La cocina puede ser una metáfora del infierno (los que hacen Hell’s Kitchen lo saben mejor que nadie), o bien un ámbito de creación y refinamiento donde se entiende por qué es posible hablar de artes culinarias.
Masterchef, tanto en su versión original como en la producción argentina que pone al aire Telefe, es una combinación de ambas posibilidades. Por momentos, el universo gourmet se convierte en un teatro de fracasos y humillaciones, con escenas que se filtran desde las hornallas y sartenes hacia otras problemáticas humanas reflejadas con distinto grado de dramatismo. Pero también es la ocasión para que personas de acá y de allá se prueben en distintos desafíos y alcancen la excelencia en una disciplina que, entre otras cosas, implica producirle bienestar a los otros.

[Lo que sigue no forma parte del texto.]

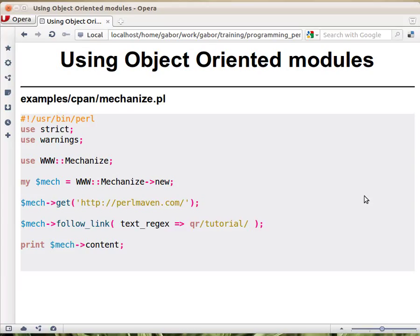There are many modules that are being used as a class, in an object-oriented way. This is dependent on how the author wrote the module. For example, WWW::Mechanize is one of the nicest modules that allows you to basically act as a browser for the internet — a command-line browser for the internet.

Donato de Santis, German Martitegui y Christophe Krywonis son los jurados en materia de sabores, texturas y aspectos visuales de los platos, evaluando el equilibrio entre simpleza y sofisticación, pero más que nada conforman un afianzado trío de villanos entrenados para poner en apuros a los participantes. Es verdad que a veces se roza el maltrato, y que los cocineros amateurs deben someterse a decálogos soberbios, pero todo es parte de una muy bien guionada trama de auge y caída, que utiliza el suspenso en las dosis necesarias. Por eso la edición es absolutamente dramática, sobre todo en los momentos previos a la conclusión de los platos, cuando la tensión lograda invita siempre a esperar lo peor.

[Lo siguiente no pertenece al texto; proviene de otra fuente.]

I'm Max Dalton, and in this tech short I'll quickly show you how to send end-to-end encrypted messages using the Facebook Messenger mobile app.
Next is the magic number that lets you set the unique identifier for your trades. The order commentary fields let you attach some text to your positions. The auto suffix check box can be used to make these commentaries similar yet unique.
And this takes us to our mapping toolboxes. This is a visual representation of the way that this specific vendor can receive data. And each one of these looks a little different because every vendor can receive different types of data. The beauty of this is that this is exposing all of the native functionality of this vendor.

Hay risas. Hay lágrimas. Rivalidades. Alianzas y traiciones. Masterchef es un gran culebrón. Y sale en su punto justo.
En contra: En el horno
Un padre que reprende a su hijo. Un docente que cuestiona la capacidad de un alumno delante de los demás. Un jefe que se burla de un empleado. El abuso de poder y la crueldad pueden tener mil variantes. Y la que más rinde en el rating parece ser la relación dominante/dominado de los jueces de realities y sus concursantes. Eso que Simon Cowell dejó como marca registrada en American Idol (la idea de que el personaje pérfido de las ficciones es clave también para estos formatos) es llevado al extremo en Masterchef. Y no tanto porque los jueces sean unos tiranos de abdomen abultado, más bravos y marciales que el nazi de la sopa de Seinfeld, sino porque quien armó el "casting" de los participantes se encargó de reclutar a los más experimentados al lado de los más amateurs. Es decir, los que tienen al menos algunas armas para defenderse y los vulnerables.

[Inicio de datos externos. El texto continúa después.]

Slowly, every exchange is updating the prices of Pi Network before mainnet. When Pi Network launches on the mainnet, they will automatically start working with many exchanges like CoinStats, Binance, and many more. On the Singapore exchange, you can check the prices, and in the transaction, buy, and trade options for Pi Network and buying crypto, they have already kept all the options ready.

Es insólito, pero parte del encanto que muchos ven en Masterchef es apreciar cómo una señora intenta hacer una bruschetta sin saber muy bien qué es (y sin que nadie se lo explique), o como un improvisado cocinero mira una rana sin entender cómo convertirla en un plato gourmet. Y si bien cada concursante puede hacerse cargo de su decisión de ingresar en un certamen que ya en su versión original se caracteriza por no tener piedad con los aprendices, corre por cuenta de los realizadores (y de los espectadores) que unos impulsen y otros se regocijen con los episodios en los que queda en evidencia la ignorancia ajena. ¿Cuántos de los que disfrutan esos momentos saben hacer un lomo Wellington?